**Available records:**
[Start of Attachment]

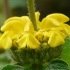 Phlomis jaune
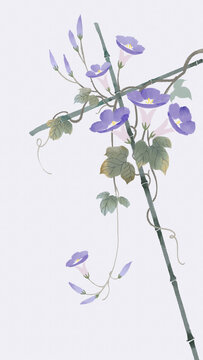 沒骨牽牛花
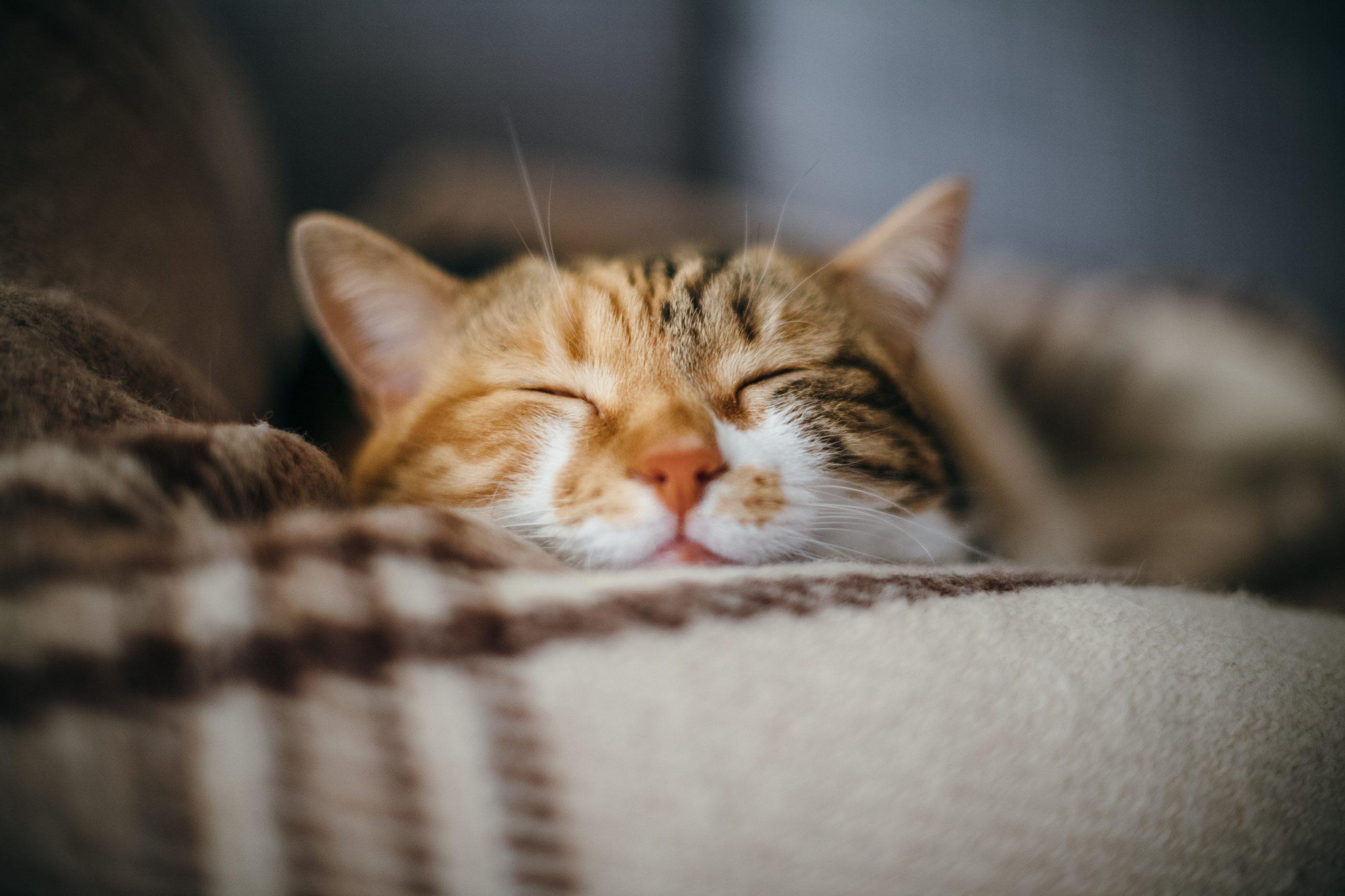 Different Cat Sounds And What They Mean - Ultimate Pet Nutrition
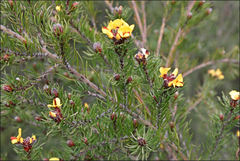 Pultenaea mollis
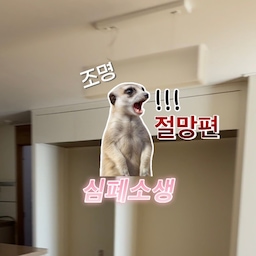 #리모델링하다생긴일 4
연재형 리모델링하다 생긴일 3개를 다 채웠지만
궁금해 해주시는 분들이 계셔서
조명편까지 올려봐요🥰
조명 인테리어 절망(2년전)의 경험으로😱
이번에 인테리어 조명에 머리를 짜보았어요˙ꈊ˙
2년전의 라떼는 
전구색3000k 주백색4000K 주광색6500K
뿐이었는데
요즘엔 전주백색 3500K가 나왔더라구요
전구색이 너무 노랗고 촌스러워(?) 보인다는 후기가 많아
주백색과 전구색 사이의 전주백색이 탄생한건지요=͟͟͞͞Ꙭ̮
저는 주광색으로 우물천장까지했던 실패경험이있어서
돈들이고 우물천장 목공해놓고 켜지도 않았었는데요ㅋ-ㅋ
어릴적 하얀 직부등 아래만 살았더라 생소한 주백색이 어두울줄 알았거든요••
이전에 인테리어 해보니 주백색도 충분히 
아늑하고 밝다는걸 알고 
주백색과 전주백색만 사용해서 인테리어 조명 진행했어요!
지금 너어무나 만족스런 부분이에요🤍
메인등이 필요한 부분은 주백으로
커튼박스 간접등이나 무드가 있어야하는 cob에는 전주백색으로
진행했어요!
그리고 불을 최대한 많~이 나눠서 켤 수 있게
스위치를 나누어주는것도 중요해요ꗯ͈̮
이렇게 
주방 전체, 조명전체, 벽지 정도의 인테리어로
지금의 저희집이 탄생했어요😍
연재형 인테리어 과정 봐주셔서 감사합니다👏🏻
#리모델링성공기 #인테리어조명 #인테리어꼼수 #리모델링후기 #리모델링오답노트 #리모델링추천 #리모델링꿀팁 #인테리어공사 #공사중 #리모델링추천 #리모델링팁 #리모델링전후 #리모델링노하우 #주백색조명 #주백색 #전주백색 #주광색 #cob #cob조명 #커튼박스 #간접조명 #커튼박스간접조명 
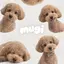 aのプロフィール画像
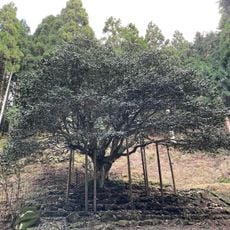 Taki-no-Sennen-Tsubaki Park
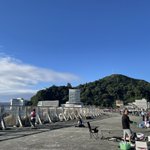 ツイートに含まれる画像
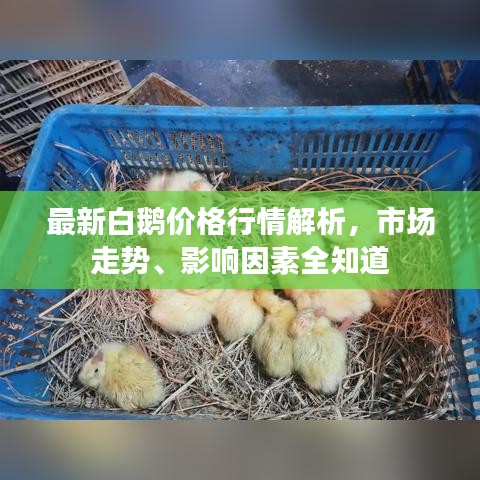 最新白鵝價格行情解析，市場走勢、影響因素全知道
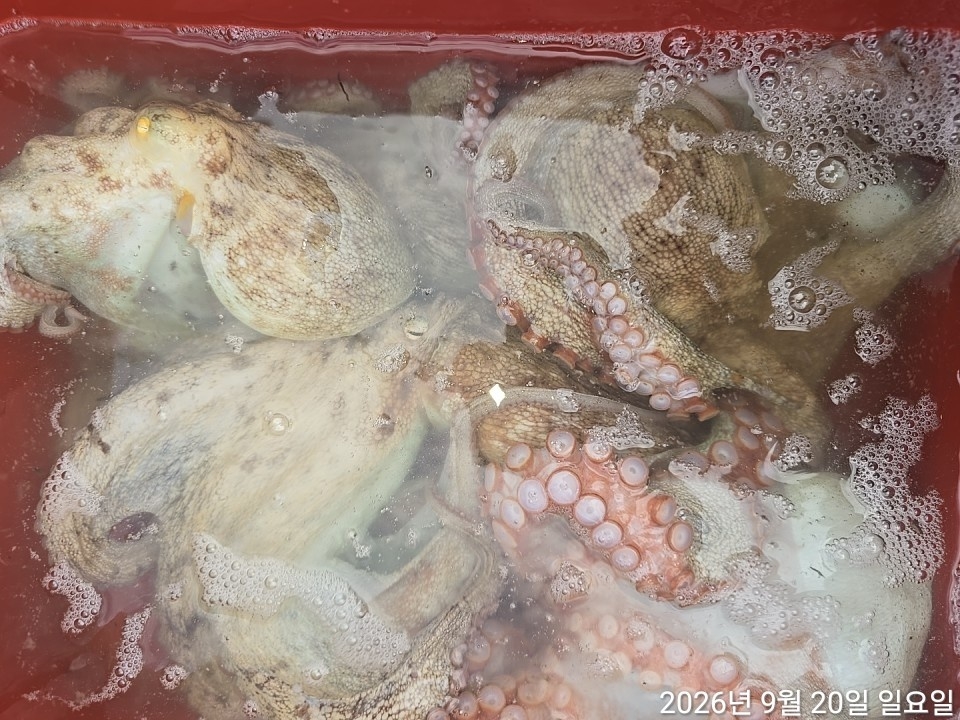 9월 22일 남해 문어 선상낚시 조황 현장 사진 14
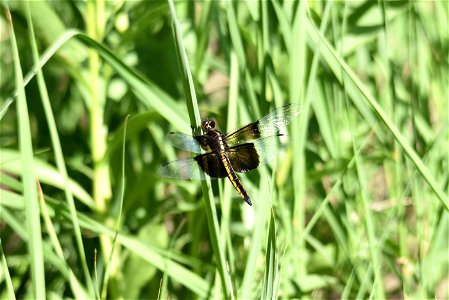 Widow skimmer dragonfly photo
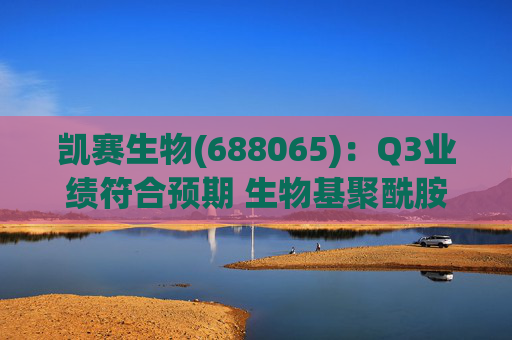凯赛生物(688065):Q3业绩符合预期 生物基聚酰胺复材商业化持续推进 第1张 凯赛生物(688065):Q3业绩符合预期 生物基聚酰胺复材商业化持续推进 第1张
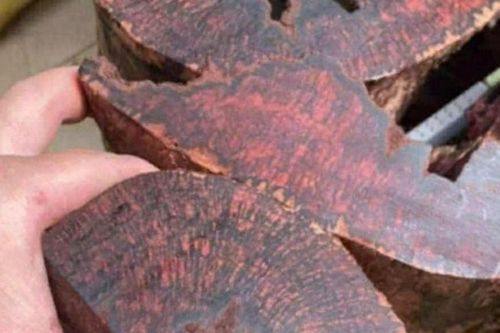Loại gỗ tạp có lõi đỏ được mua đến 3 triệu đồng/kg, dân ồ ạt lên rừng săn lùng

[End of Attachment]

**Requirement:** Set out, exactly as given, the line that contains "어릴적 하얀 직부등 아래만 살았더라 생소한 주백색이 어두울줄 알았거든요••" along with each line after it through the end of the records above; omit the pictures.

**Task output:**
어릴적 하얀 직부등 아래만 살았더라 생소한 주백색이 어두울줄 알았거든요••
이전에 인테리어 해보니 주백색도 충분히 
아늑하고 밝다는걸 알고 
주백색과 전주백색만 사용해서 인테리어 조명 진행했어요!
지금 너어무나 만족스런 부분이에요🤍
메인등이 필요한 부분은 주백으로
커튼박스 간접등이나 무드가 있어야하는 cob에는 전주백색으로
진행했어요!
그리고 불을 최대한 많~이 나눠서 켤 수 있게
스위치를 나누어주는것도 중요해요ꗯ͈̮
이렇게 
주방 전체, 조명전체, 벽지 정도의 인테리어로
지금의 저희집이 탄생했어요😍
연재형 인테리어 과정 봐주셔서 감사합니다👏🏻
#리모델링성공기 #인테리어조명 #인테리어꼼수 #리모델링후기 #리모델링오답노트 #리모델링추천 #리모델링꿀팁 #인테리어공사 #공사중 #리모델링추천 #리모델링팁 #리모델링전후 #리모델링노하우 #주백색조명 #주백색 #전주백색 #주광색 #cob #cob조명 #커튼박스 #간접조명 #커튼박스간접조명 
 aのプロフィール画像
 Taki-no-Sennen-Tsubaki Park
 ツイートに含まれる画像
 最新白鵝價格行情解析，市場走勢、影響因素全知道
 9월 22일 남해 문어 선상낚시 조황 현장 사진 14
 Widow skimmer dragonfly photo
凯赛生物(688065):Q3业绩符合预期 生物基聚酰胺复材商业化持续推进 第1张 凯赛生物(688065):Q3业绩符合预期 生物基聚酰胺复材商业化持续推进 第1张
Loại gỗ tạp có lõi đỏ được mua đến 3 triệu đồng/kg, dân ồ ạt lên rừng săn lùng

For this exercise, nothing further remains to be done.